Veamos algunos casos particularmente sangrantes, antes de sacar todas las consecuencias.
1. Otelo. Royal Shakespeare Company, julio de 2015, Stratford-upon-Avon. Director: Iqbal Khan. Hugh Quatshie como Otelo. Lucian Msamati como Yago.
En esta adaptación del Otelo se inventan a un Yago negro, cuando en el original el perverso conspirador es blanco. "¡Gran reivindicación antirracista!", pensará el creativo director.
Ocurre, sin embargo, que en la obra de Shakespeare, Otelo es ya de piel oscura. Y ese detalle es fundamental.
Yago, que es un malvado, quiere destruir a su jefe, entre otras razones, por un racismo que expresa muchas veces en la obra, ya desde la escena primera del acto primero: "Encarnizaos con el moro, envenenad su dicha".
Pero si Yago es negro, no tiene sentido su desprecio racista al negro Otelo. No se entendería que, en la misma escena, le dijera a Brabancio, padre de Desdémona: "¡Voto a Dios, señor! ¡Os han robado! Incluso ahora, ahora, muy ahora, un viejo carnero negro (old black ram) está montando (tupping) a vuestra blanca cordera".

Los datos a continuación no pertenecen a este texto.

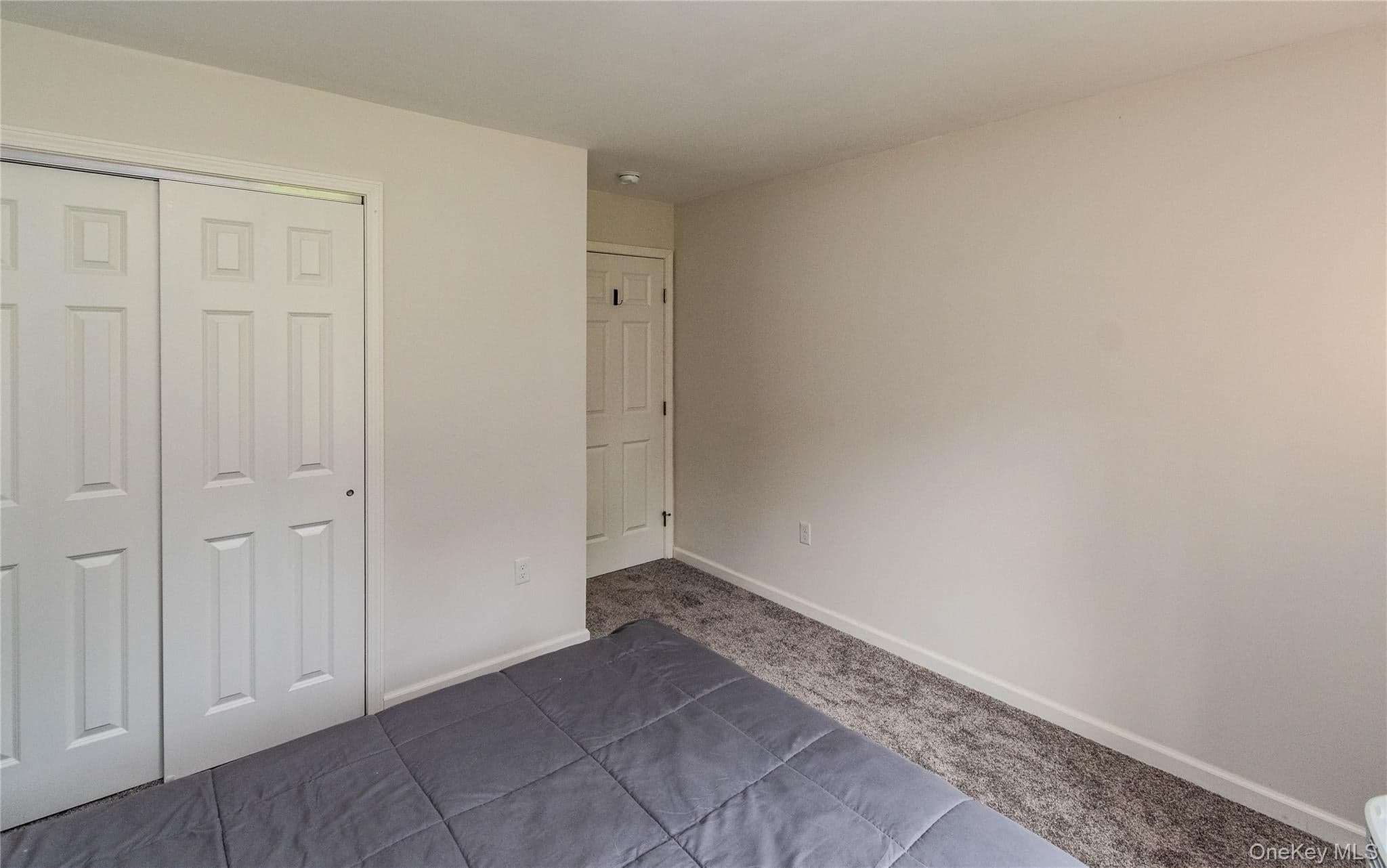 26 Summit Drive thumbnail 14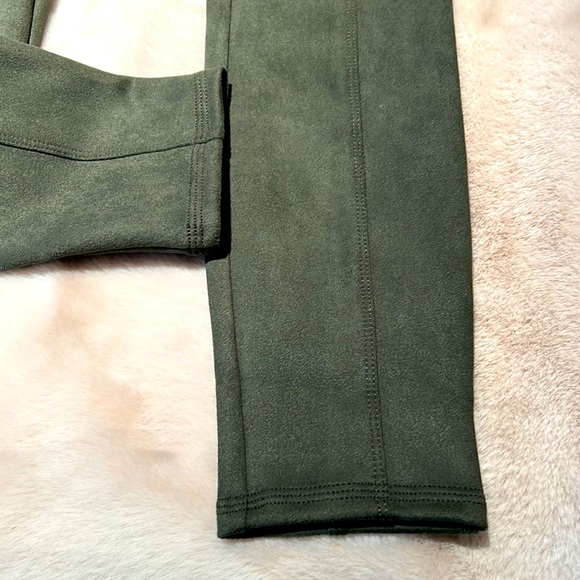 SPANX Faux Suede Leggings - NWOT - Picture 5 of 8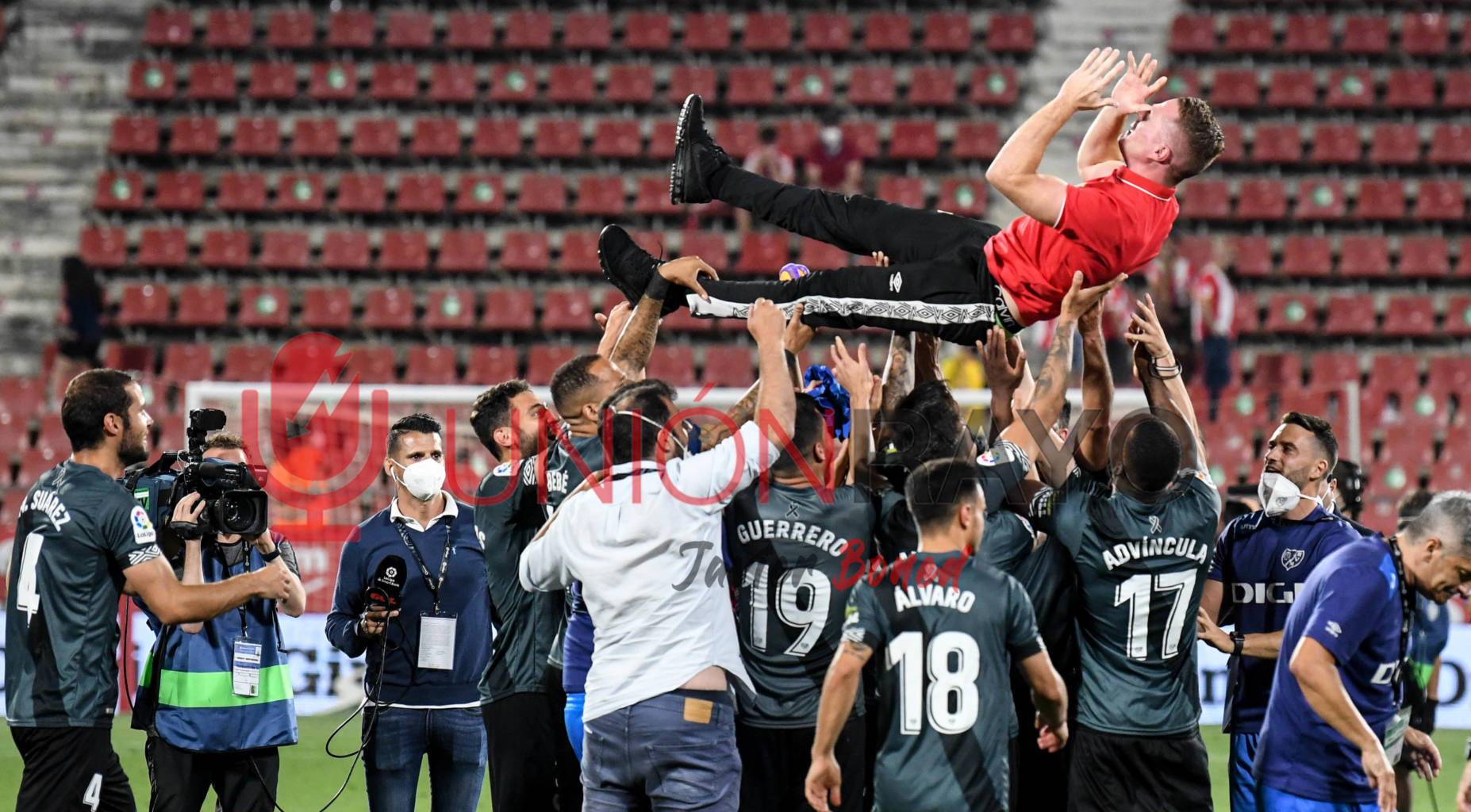 alberto ascenso manteo celebracion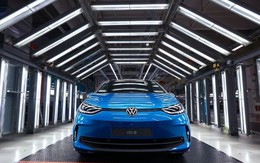 Lần đầu tiên sau gần 4 thập kỷ, Volkswagen có thể phải đóng cửa nhà máy vì xe điện... ế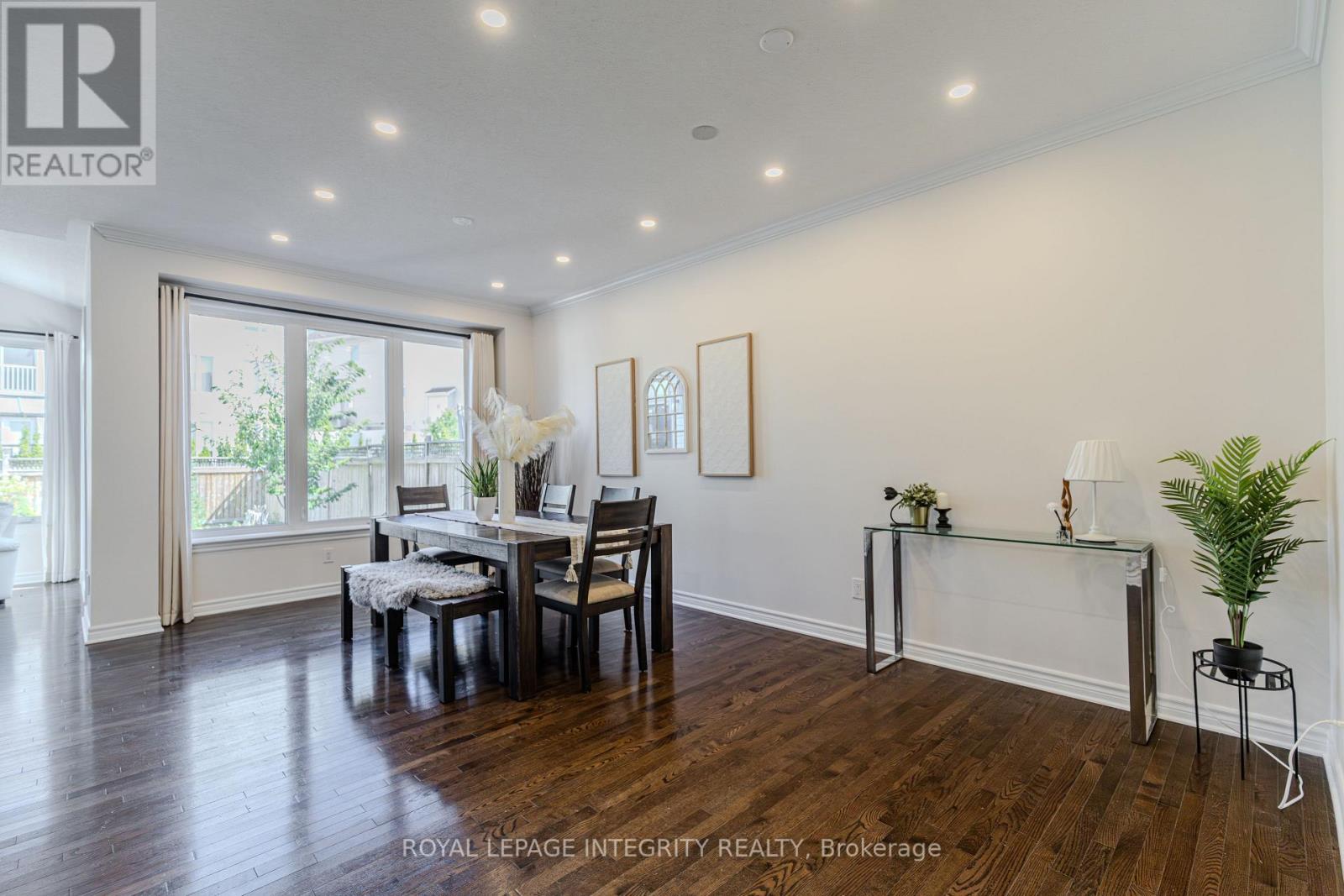 218 Keyrock Drive, Ottawa, Ontario  K2T 0B4 - Photo 6 - X12363732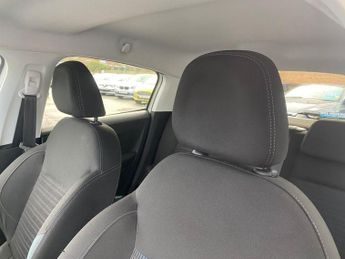 PEUGEOT 208 1.2 VTi PureTech Allure Hatchback 5dr Petrol Manual Euro 5 (82 p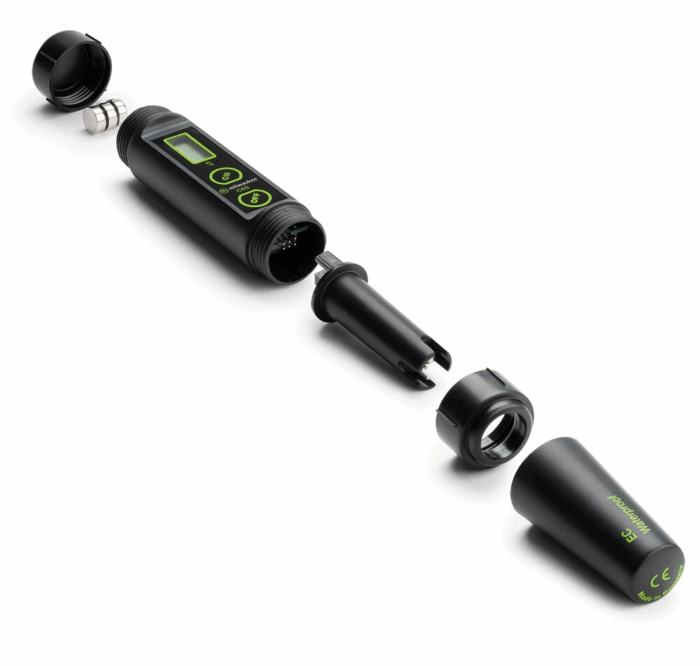Milwaukee High Range Waterproof Conductivity Pen with ATC and Replaceable Electrode - Image 3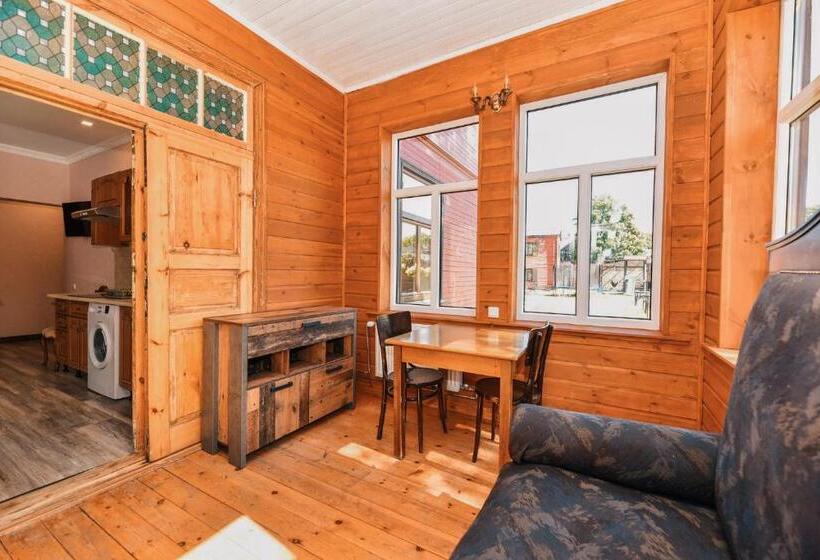 اتاق استاندارد چهار تخته, Villa Victoria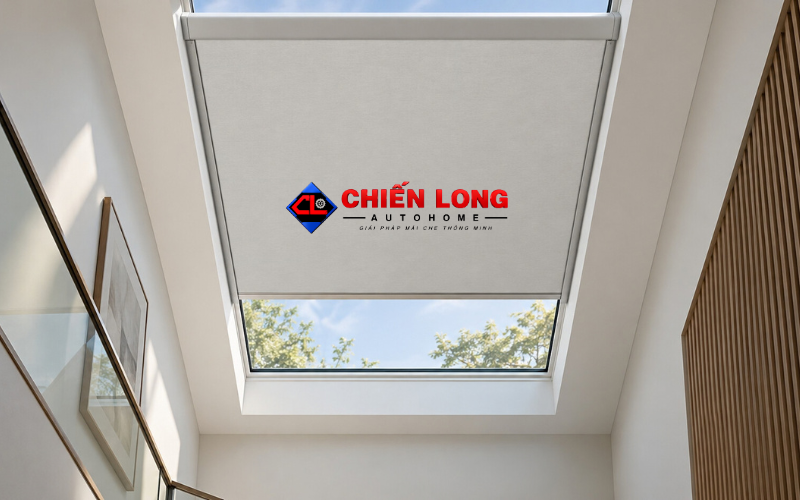 Rèm giếng trời tự động che nắng dưới mái kính nhà phố.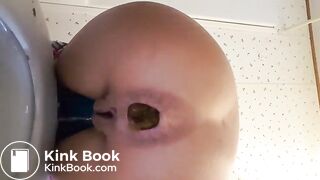 Amateur Babe Pooping #36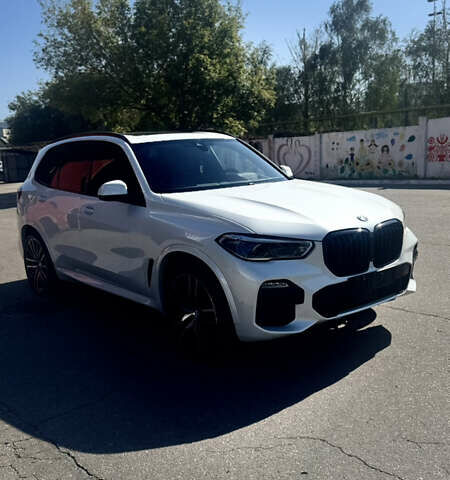Белый БМВ Х5, объемом двигателя 3 л и пробегом 132 тыс. км за 50000 $, фото 2 на Automoto.ua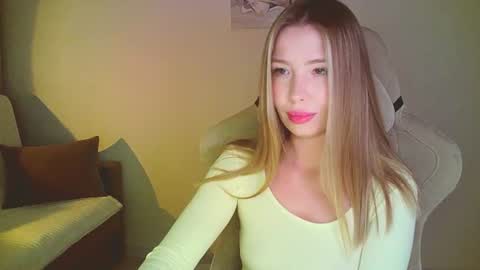 Mia online show from July 20, 10:45 pm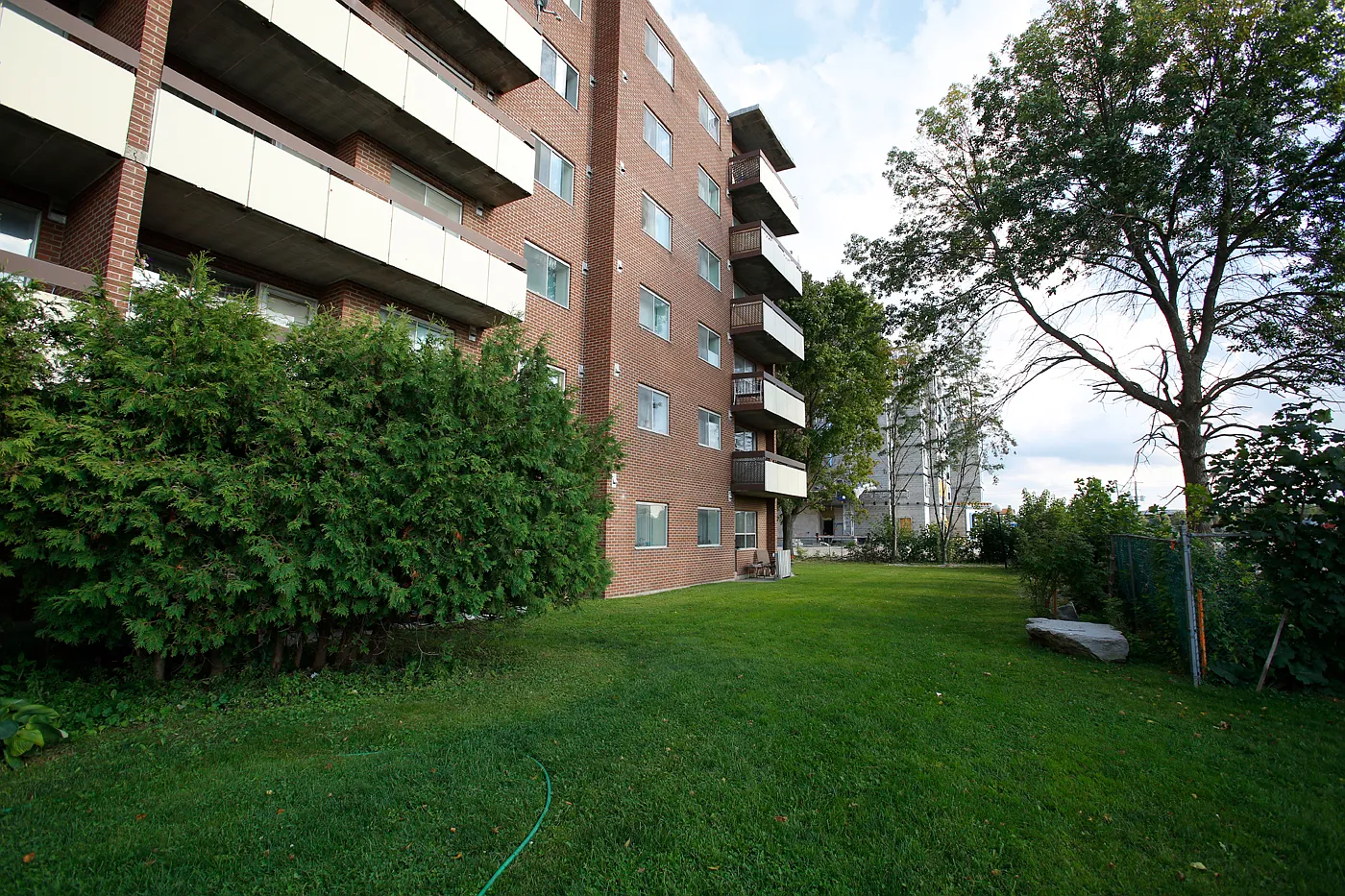 120 Elm Street — Photo 3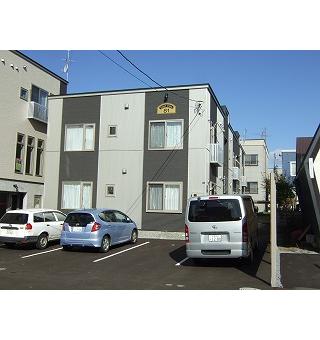 建物外観　無料駐車１台付き！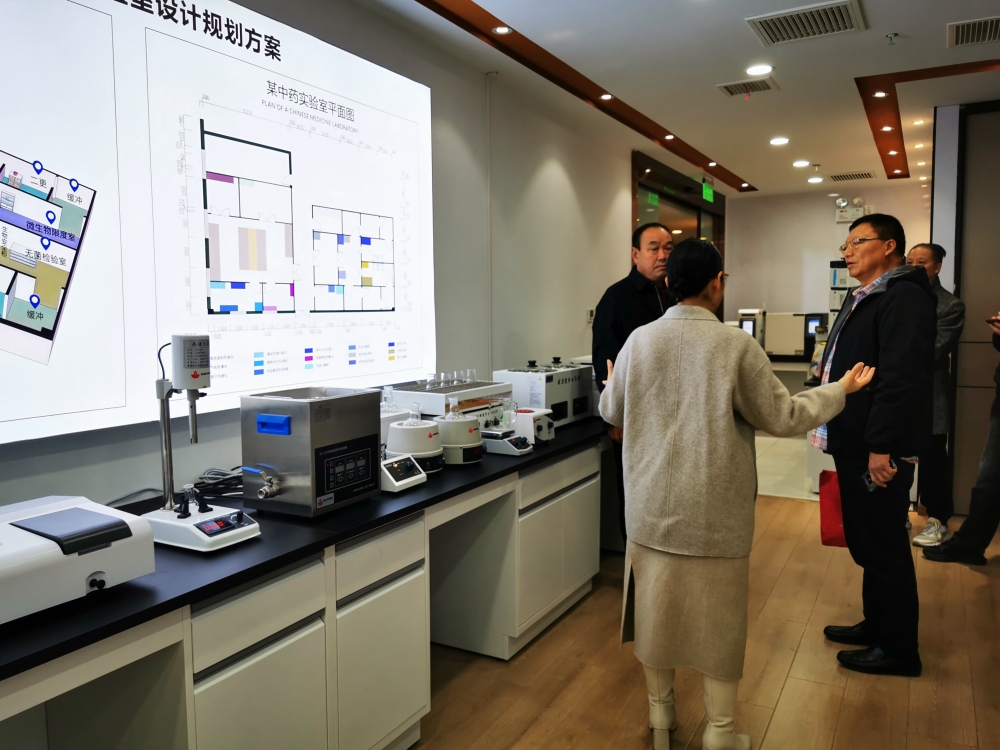 江苏某食用油企业一行莅临澳谱斯仪器上海展厅进行参观考察，洽谈合作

La pulsión del odio racista ya está en el original de Shakespeare. El sagaz director cree que al convertir a Yago en negro hace una valiente contribución a la lucha por la igualdad racial. Lo que en realidad consigue es ocultar el mensaje antirracista, ya brillantemente expuesto y subrayado en el texto original.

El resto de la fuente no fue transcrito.